Shoppers can usually get free gift boxes even at the stores with no wrapping departments. But they might have to purchase items first, as at Montgomery Ward.

Two nonprofit groups, trying to raise money, are hoping their wrapping booths will lure shoppers.

Proceeds from a gift-wrapping booth in Augusta Mall will benefit the Medical College of Georgia's Children's Medical Center.

The booth, at the mall entrance near the J.B. White construction, has helped raise $10,000 to $15,000 for the hospital for two seasons, and a similar dollar gain is expected this year, said Cheryl Beck of the hospital's development department.

She said Augusta Mall donates the space, which is worth about $8,000, and thousands of dollars of wrapping paper, while 350 to 400 volunteers from Augusta businesses and groups wrap the presents.

Volunteers get training before the Christmas shopping season to "make them look nice," said Beverly Calvert, also of the hospital's development department.

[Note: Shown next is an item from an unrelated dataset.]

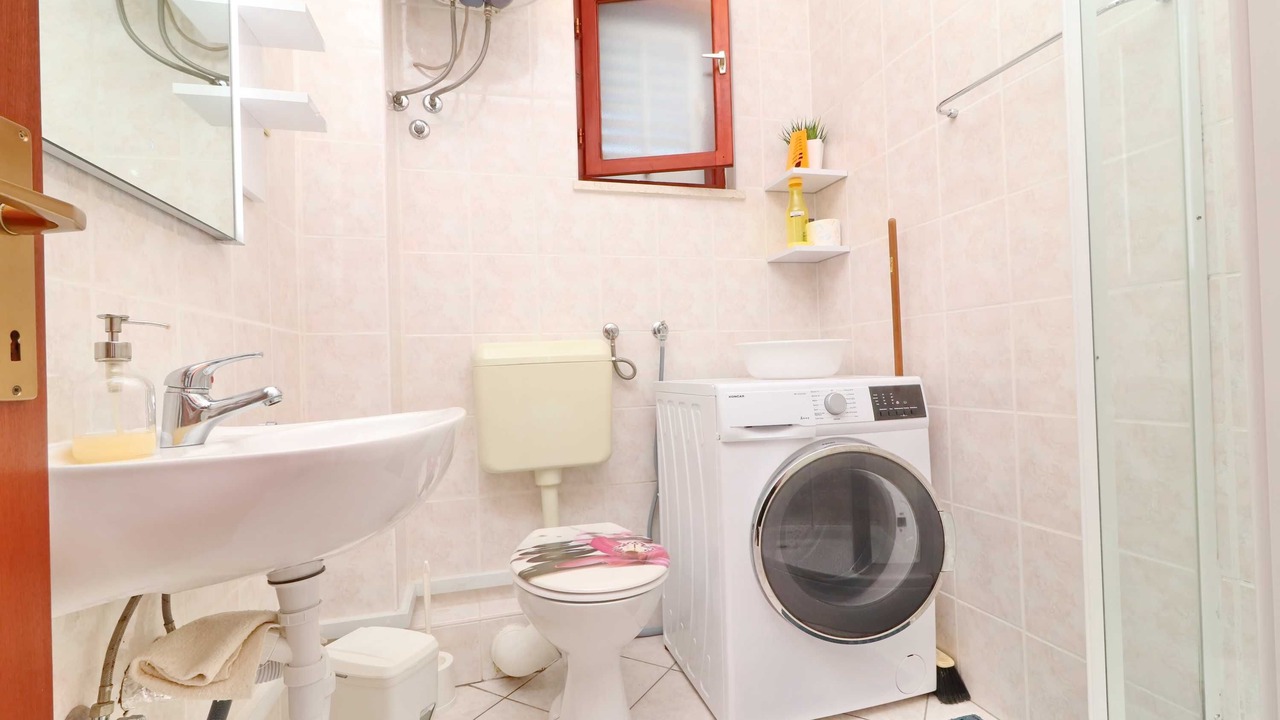 Photo of Bathroom in Skrivena Luka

At Regency Mall, a gift-wrapping booth is designed to raise money for the band of the Academy of Richmond County for a trip to the Gator Bowl in Jacksonville, Fla., on Jan. 1.

A lone clerk showed customers suggested prices from 25 cents for a tiny gift to $2 for a medium-sized one, but she said donations are being accepted.

"Some kids don't have the $260 to go," she said, so knitted snowflakes and angels are being sold at the booth to help with that, too.